Repeal of Vero Beach water, sewer rate increases fails

VERO BEACH — Unless the Vero City Council takes the issue up again at a later date, the more than $13 million in cumulative water and sewer increases scheduled for the next five years will remain in place.

With Vice Mayor Sabin Abell out sick and Councilman Tom White having left the meeting to speak at a Rotary Club luncheon, a unanimous vote of the remaining three — Mayor Kevin Sawnick, Councilman Brian Heady and Councilman Ken Daige — was needed to approve the measure.

 

  Heady, for several reasons, was not convinced. He grilled Water and Sewer Director Rob Bolton about the potential impact on city property taxpayers.

“We did a study to show that we needed these increases and there’s no comprehensive report that we have that shows that we don’t need them,” Heady said.

City staff said the move to repeal the rate increases was about three weeks in the making, yet neither Water and Sewer Director Rob Bolton nor retiring Finance Director Steve Maillet did not have time to submit a written plan of how the city would survive minus $1.2 million in revenue in the coming year, or millions more in years to come.

To cut expenses, Bolton also said he had eliminated some open positions and, due to some retirements, more staff would be cut from the budget in the fall.

Without giving dollar figures, Bolton said he was also proposing delayed capital improvements to the city’s reverse osmosis plant and further delaying another reverse osmosis train due to reduced water consumption.
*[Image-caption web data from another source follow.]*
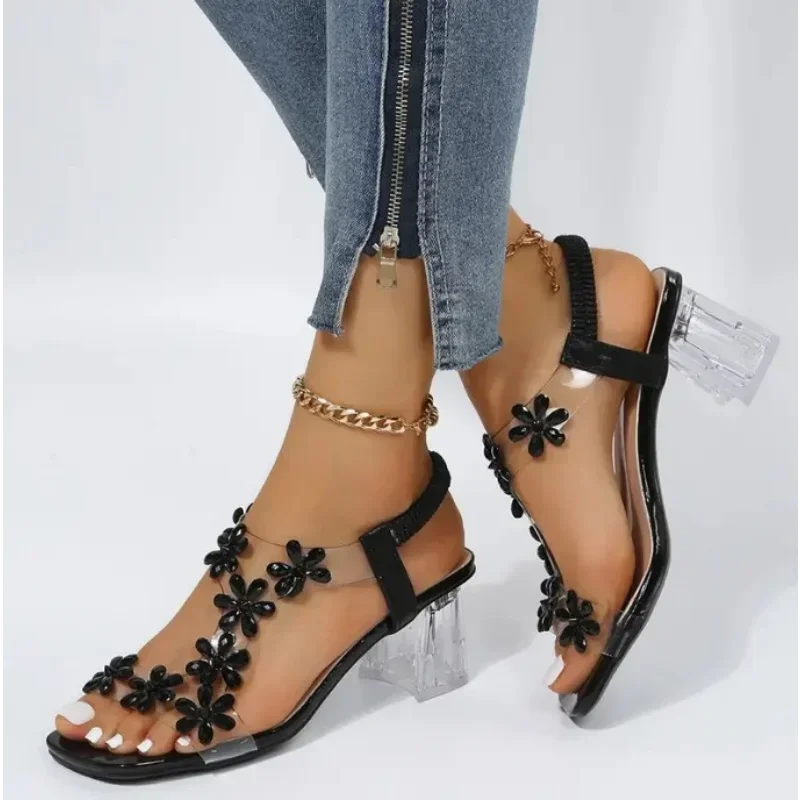 Sandalias de verano para mujer, decoración de flores de cristal de Pvc, tacón grueso, punta abierta, correa trasera, banda elástica, zapatos elegantes de moda para mujer - imagen 3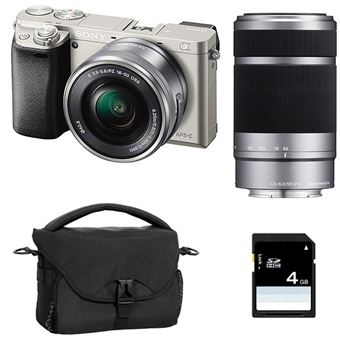 Câmara Digital Sony a6000 + 16-50mm + 55-210mm | Prateado - 1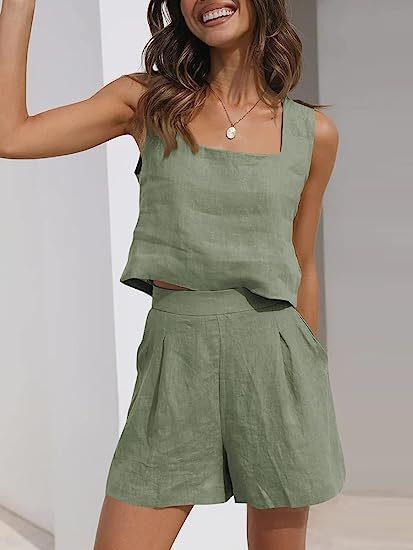 Damen Leichte Sommerbluse und Shorts Set R&B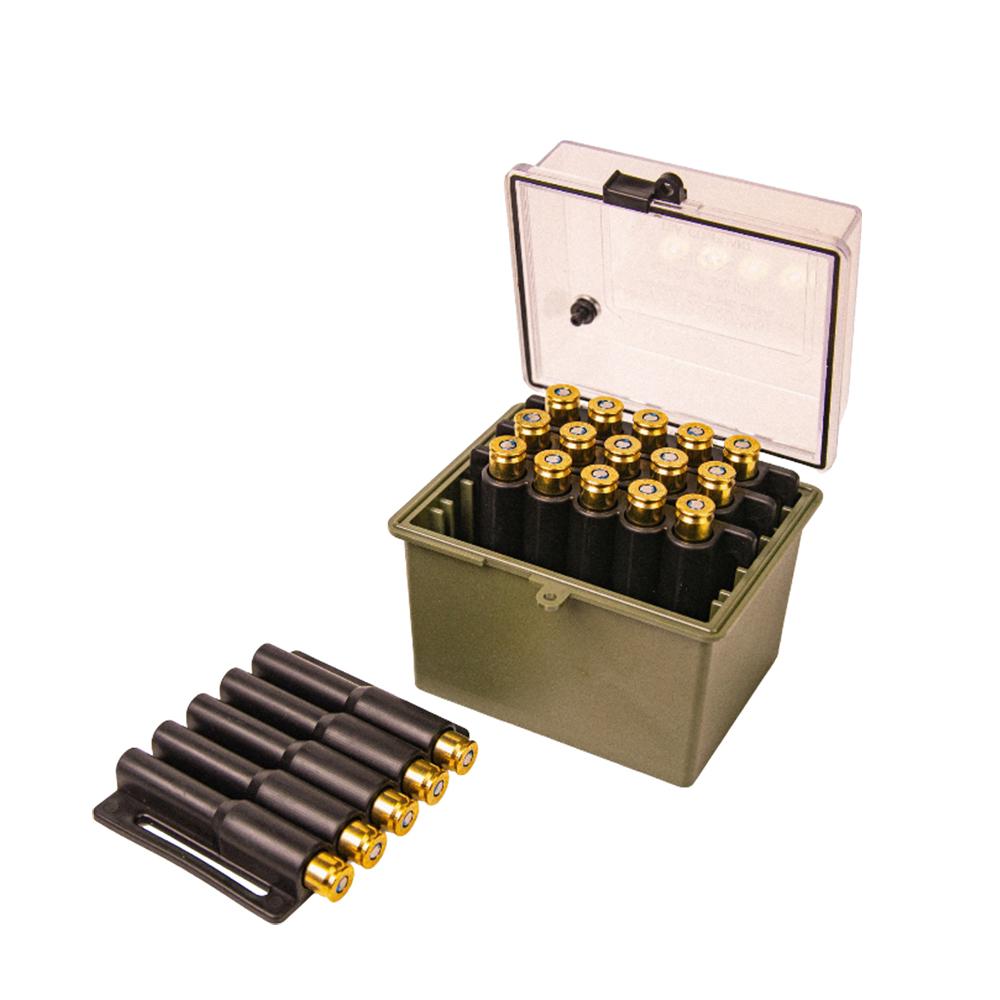 https3A2F2Fmedia.chattanoogashooting.com2Fimages2Fproduct2FJF618522FJF61852-1.jpg Berry's Mfg Safari Ammo Box 20rd Small Rifle Clear/Olive - Image 1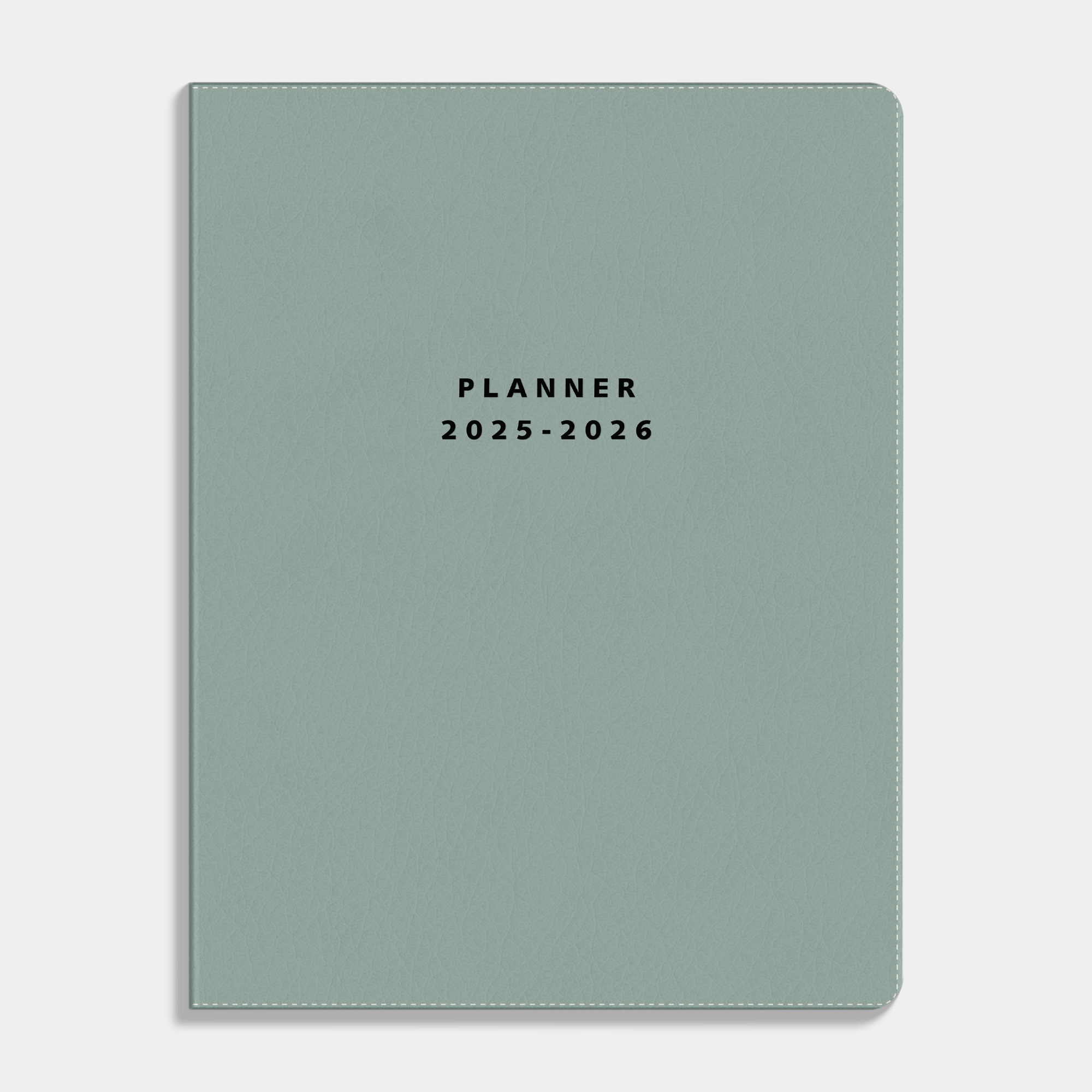 Weekplanner 2025 - 2026 A4 met flexibele grijsgroene lederlook coverhoes – vooraanzicht.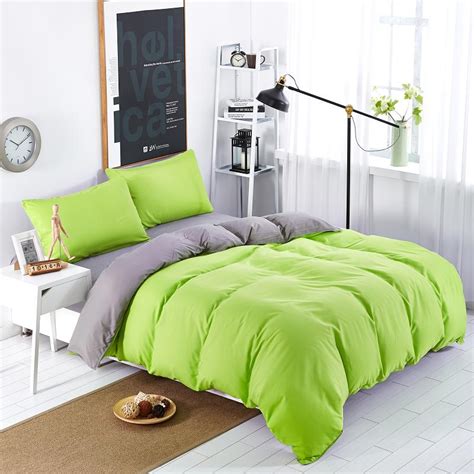 Bedding Sets Simple Color Green Gray Striped Bed Sheet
The rate increases would have allowed the city to build up the 90-day operating cash reserve that bonding agencies like to see in order to issue municipal bonds.

Instead, Bolton said the city could create a “sinking fund,” putting money away to eventually pay for the improvements in cash.

The current operating cash in the fund ranges month to month from zero to about $500,000, Bolton said.

The water and sewer enterprise fund is already nearly $25 million in debt. Heady said the rate increases should be used to pay down that debt, in preparation for the possibility that the city would lose 38 percent of its customers when franchise agreements with the Town of Indian River Shores and the county expire in 2016 and 2017, respectively.

“The payments are $1.46 million (per year) on the $14 million bond and on the loan, the State Revolving Fund, are $560,000 next year,” Bolton said.

Heady also was against the measure because he felt it was only postponing the inevitability of rate increases, not eliminating them. He said the burden, down the road, would need to be shouldered by city taxpayers and potentially by only city residents should the county and Shores pull out of the system.

Daige strongly disagreed with the council’s failure to act.

“I understand what Mr. Heady is saying, these are concerns we need to think about in the future, but now we need to pass this,” Daige said, adding that ratepayers are suffering with bills they can’t pay.